So I would suggest a block size limit set once every 2016 blocks at the same time as difficulty retargeting, at 12 times the average for the previous 2016 blocks.
Why once? Why can't it be a sliding window of 2016 blocks?
So here are some changes I propose:
1. A
sliding window of, say, 2016 blocks.
2. We track
median block size in this window. (Median makes it impossible to game unless you can generate 51% of blocks and is also more conservative to occasional random spikes).
3. We set the block limit to something a bit smaller than VISA, again to be conservative, because blockchain has a cost. So, say, x10 or x8, not x12.
4. We track median transaction fee in each block and then the median of those inside the window to get Median Tx Fee.
5. We impose a line of minimal tx fee for each new block. It starts at 10% Median Tx Fee (to protect from spam and unimportant txs) and raises slowly to something like x2 at the block limit. The exact parameters can be tweaked, but the general idea is to put additional pressure on miners not to blow up block size.

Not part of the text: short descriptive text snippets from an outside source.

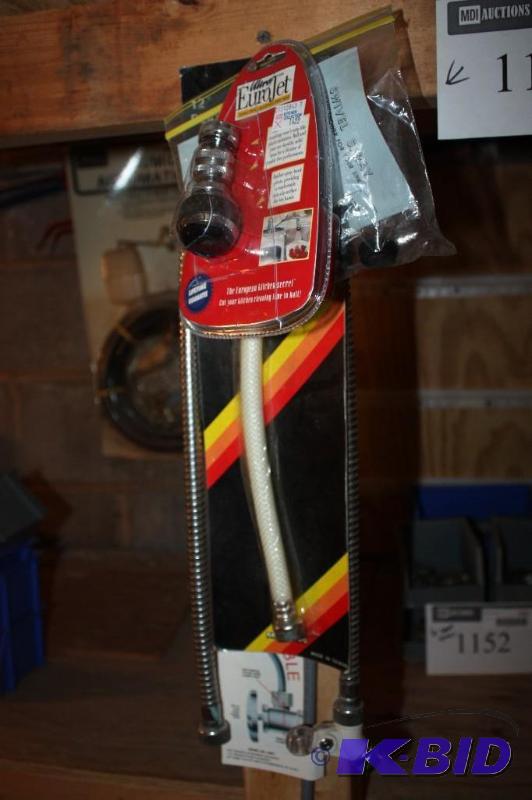 lot 1124 image: Wall Lot Including Plastic Water Tube, 12 Plumb Pak 38 x 12 Supply Tube Mastertrap J3End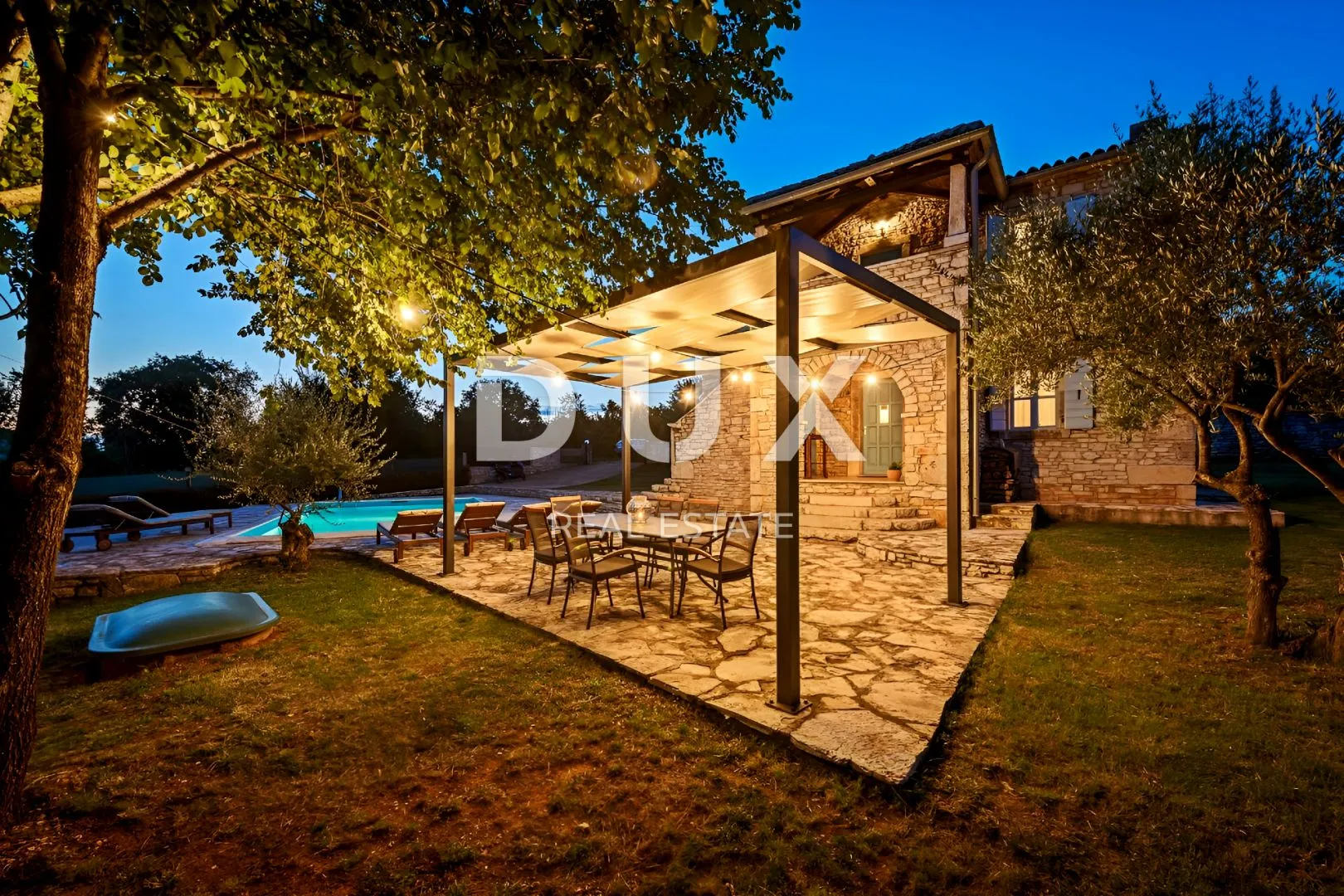 istra, sveti lovreč - rustikalna kuća s bazenom - slika 6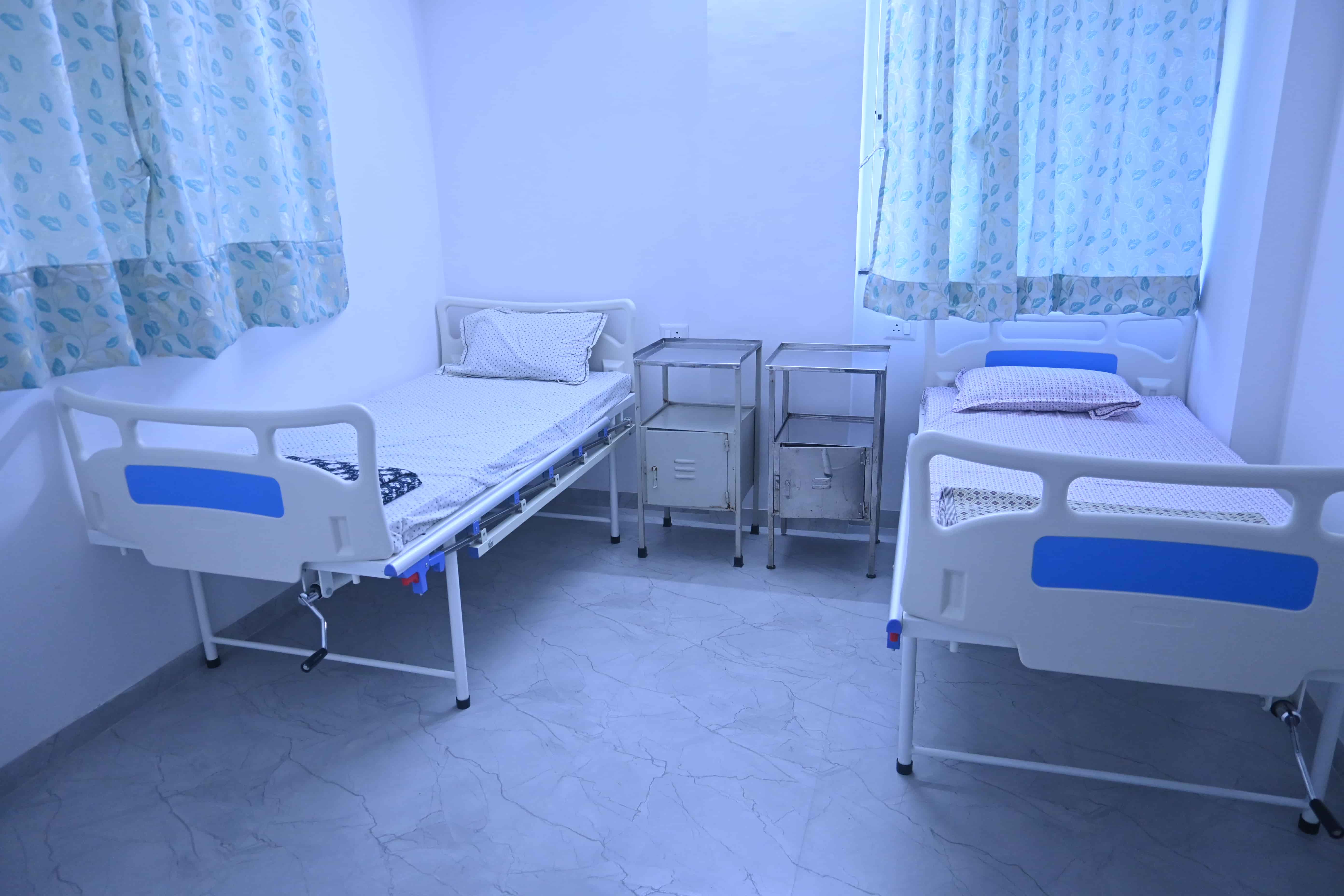 Paras Old Age Home - Special Room with Modern Comforts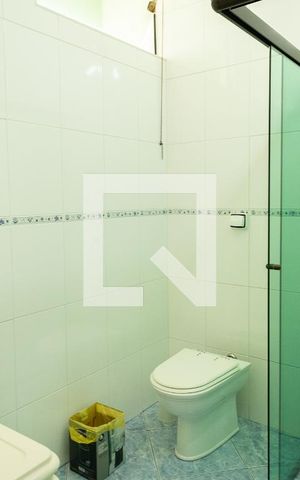 Casa à venda com 270m², 4 quartos e 2 vagasBanheiro - Suíte 1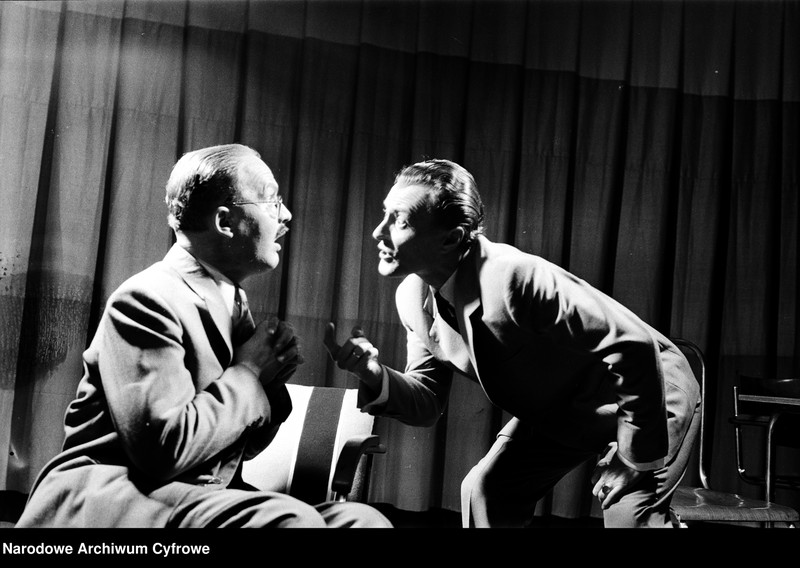 image.from.unit.number "Warszawa. Teatr Młodej Warszawy - sztuka "Teoria Einsteina""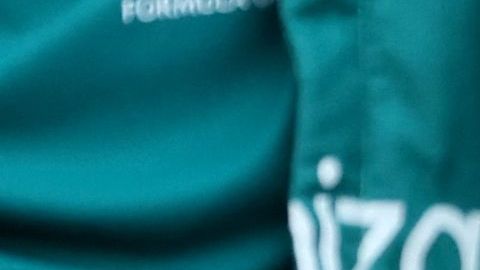 Lewis Hamilton criticó comentarios racistas de Helmut Marko sobre 'Checo' Pérez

It would also be nice to put both block size and median tx fee for this block into the block header, so it's easier to validate chains or calculate min tx fee required.
Here's a graph to illustrate.

If a miner wants to add Sample Tx at that point, he must make sure it has the fee that will be above minimum tx fee imposed by the red line.
The farther into the block you go, the larger the minimum fee must be.